The writer should not be befuddled. Like a badly plotted murder mystery, a confused political novel will devolve into a morass of over-explanations or a frantic attempt to tidy up disparate realities (yes, political agendas conflict but they conflict within an overarching worldview; although Keynes and Hayek disagree, they still understand each other). My personal view is that this lack of consistency works on Star Trek because I don't believe Star Trek IS a political story (despite Deep Space Nine); I think it is Folktales in Space.

But if a movie/novel/series intends to deliver a political framework, then the little pieces that readers glimpse shouldn't increase their confusion; rather, the readers should start to see a bigger picture even if the characters don't.
Like in Blue Morning, in Queen of 
Attolia, characters can't sacrifice "all"
for love or affection. Political ramifications
require more complex responses.

In the manga series Blue Morning, for instance, there are three political agendas at play: (1) Katsuragi's initial decision to oust his charge from head of the Kuze household: (2) Katsuragi's later decision to protect his charge and force him to apply for a higher rank; (3) his charge's decision to give Katsuragi what he initially wanted. Unfortunately, (3) doesn't simply cancel out (1) and (2) because the political actions that both characters throw into motion complicate a simple resolution: they make enemies of the wrong people or agree to make trades with different families or, occasionally, the same families but for different reasons. Katsuragi especially has to deal with the ramifications of snowballs he set in motion--based on (1)--ten years earlier.

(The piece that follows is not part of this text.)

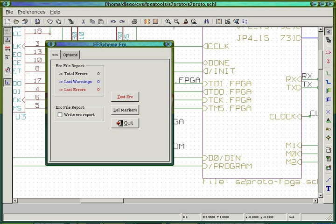Schematic capture or schematic entry is a step in the design cycle of electronic design automation at which the electronic diagram, or electronic schematic of the designed electronic circuit, is created by a designer.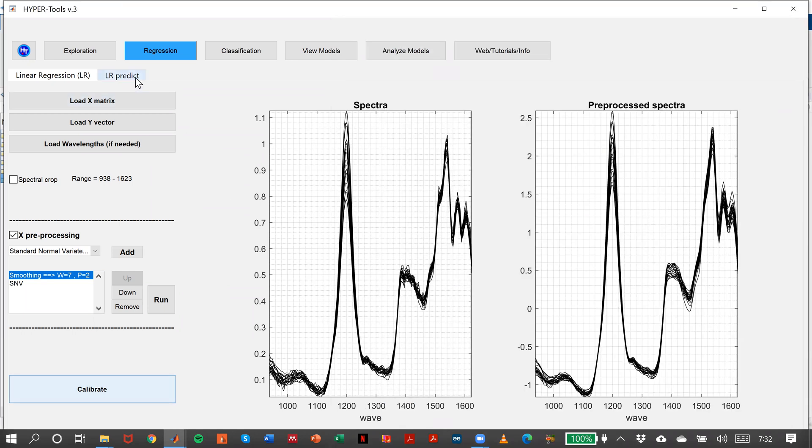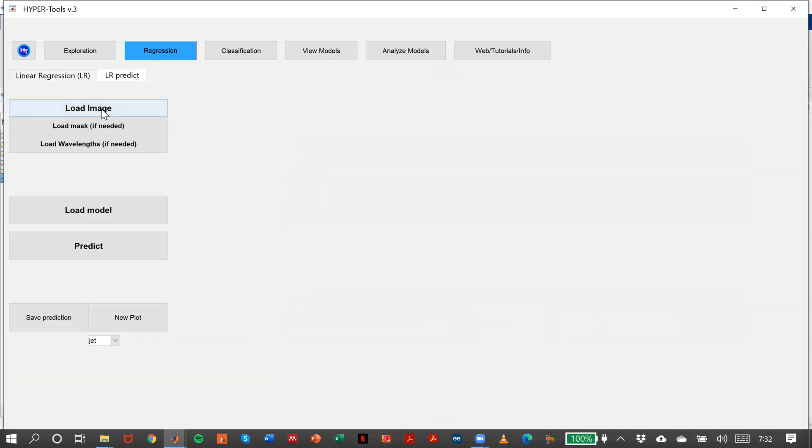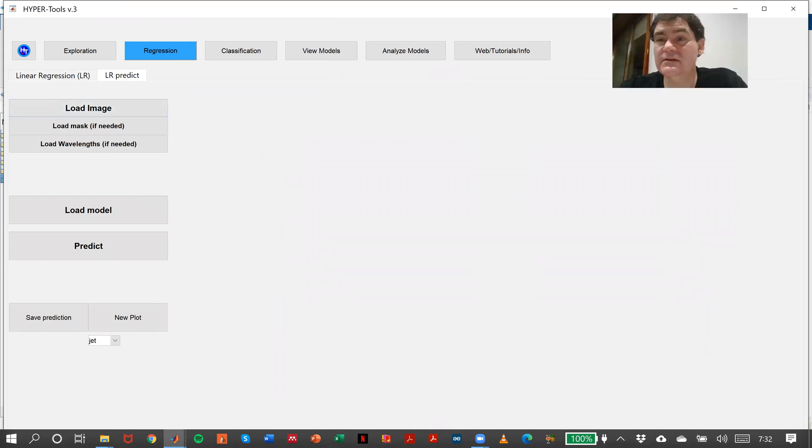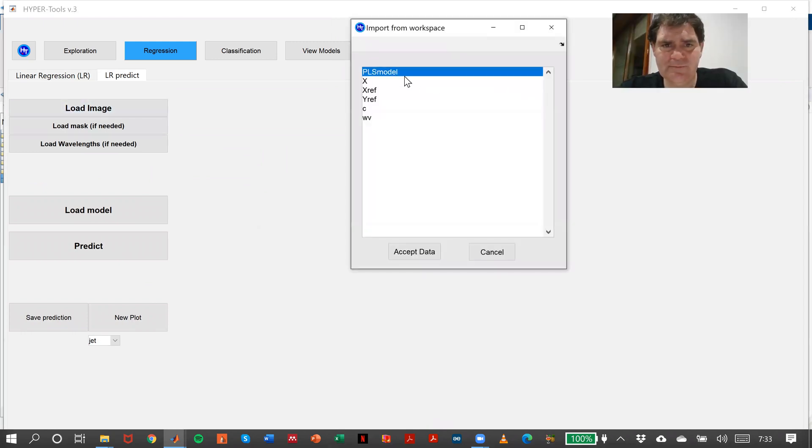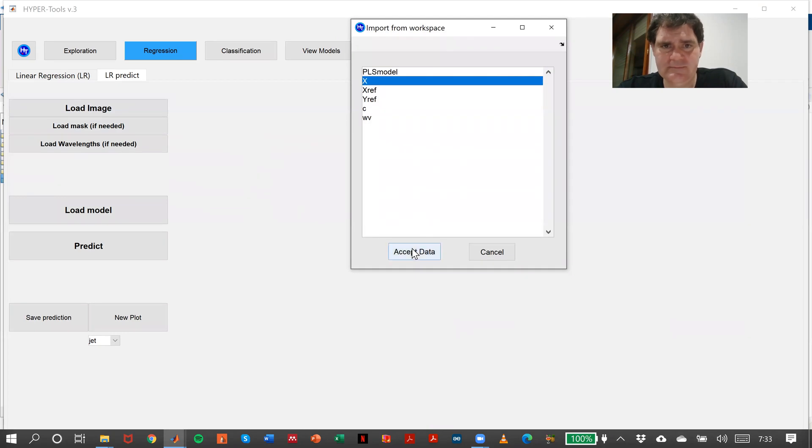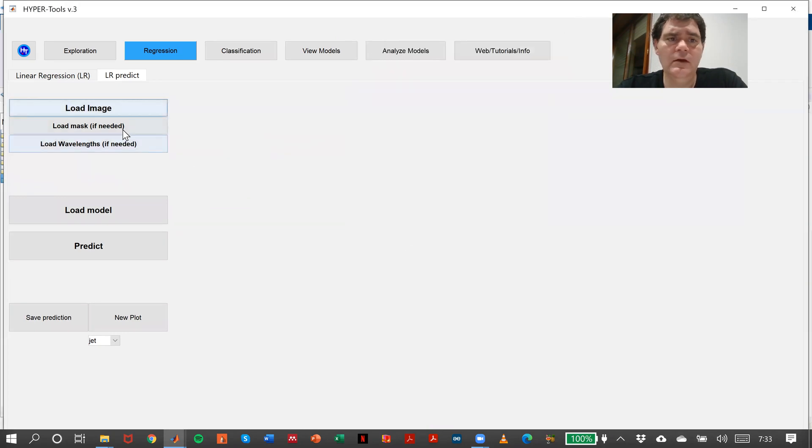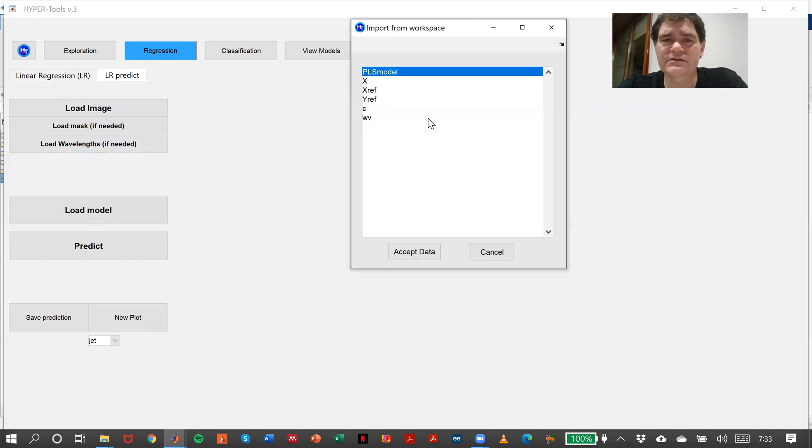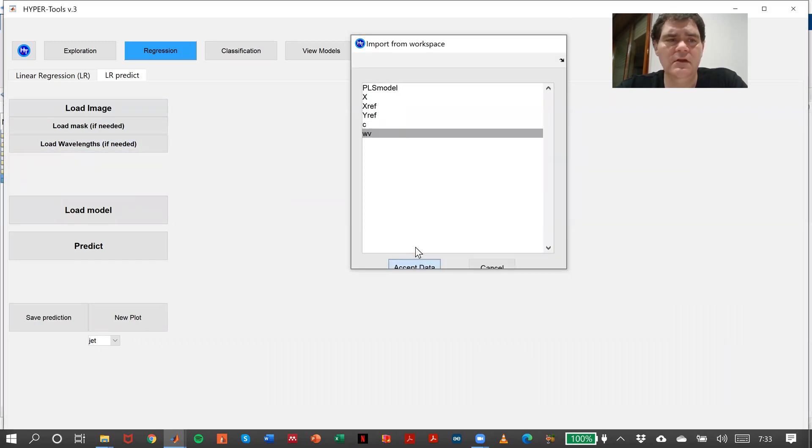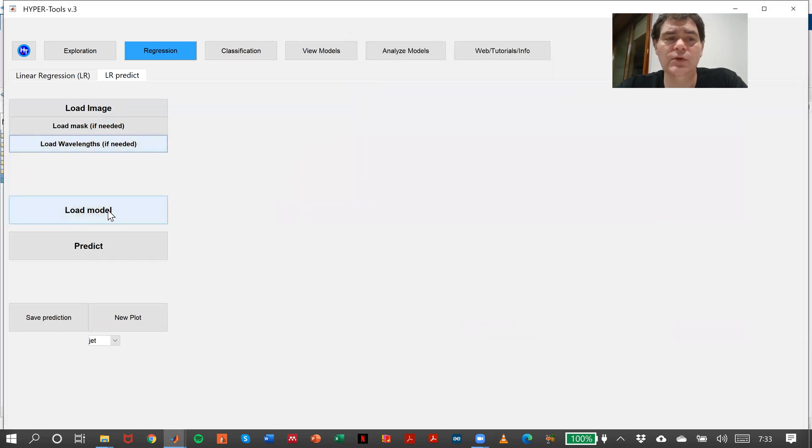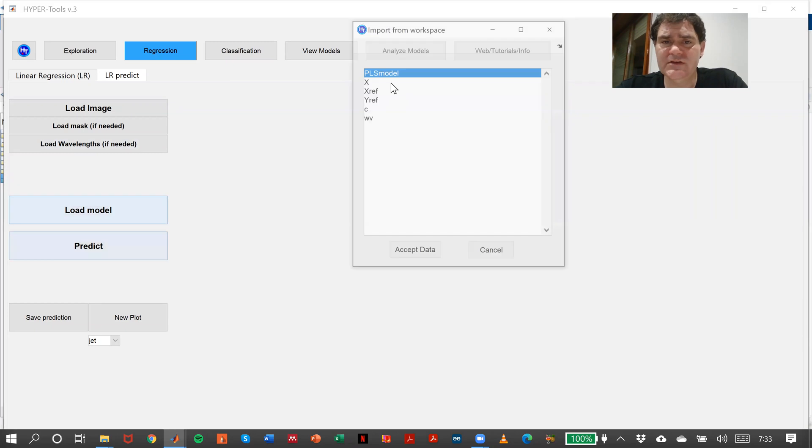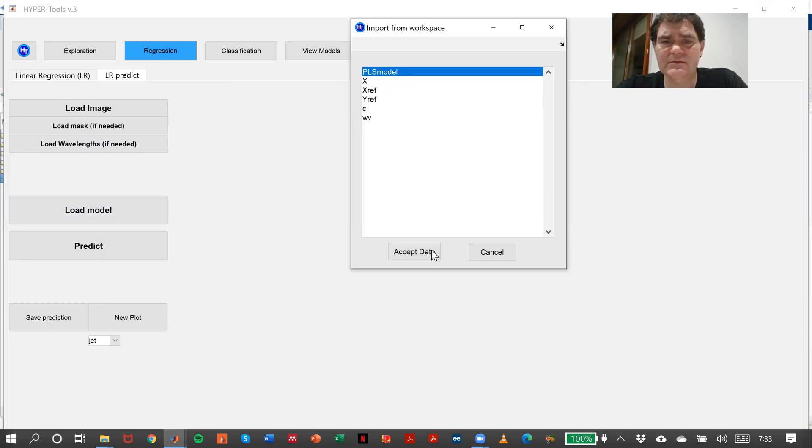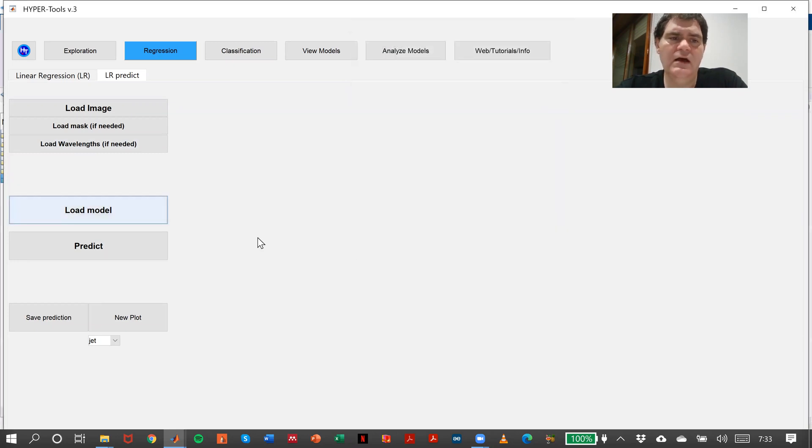In prediction, the only thing we need to do is load the image X, the mask—in this case we don't have a mask—and the wavelengths. We just load the model that we just made, PLS model, and predict.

This is all surprisingly clear--though not to the characters.

Likewise, in the docudrama 37 Days the (seemingly unlikely) confluence of events that led up to WWI are depicted (largely) from the point of view of the British Foreign Secretary, Edward Grey (actually, the events are related by a young assistant to an assistant of Edward Grey's). The audience experiences the snowballing/dominoes-falling sensation alongside those in power (how on earth did the assassination of a single political figure in Europe lead to all this?!). In the end, Britain's choice to enter the war seems both inevitable AND avoidable precisely because we have seen it from the inside rather than the outside.

And in C.J. Cherryh's Foreigner series, although Bren, the genius human ambassador, does provide the reader with a great deal of internal political analysis, he is only able to analyze what he actually knows, including the knowledge that he cannot move the involved parties about as if they were characters on a chessboard; his insights may be vast; his resources and power have limitations.

Not only do these approaches make the writer's job easier, they also make the results more credible. The omniscient character who sees all and predicts all is not believable. Hindsight is 20/20. Living IN the political moment ain't so much.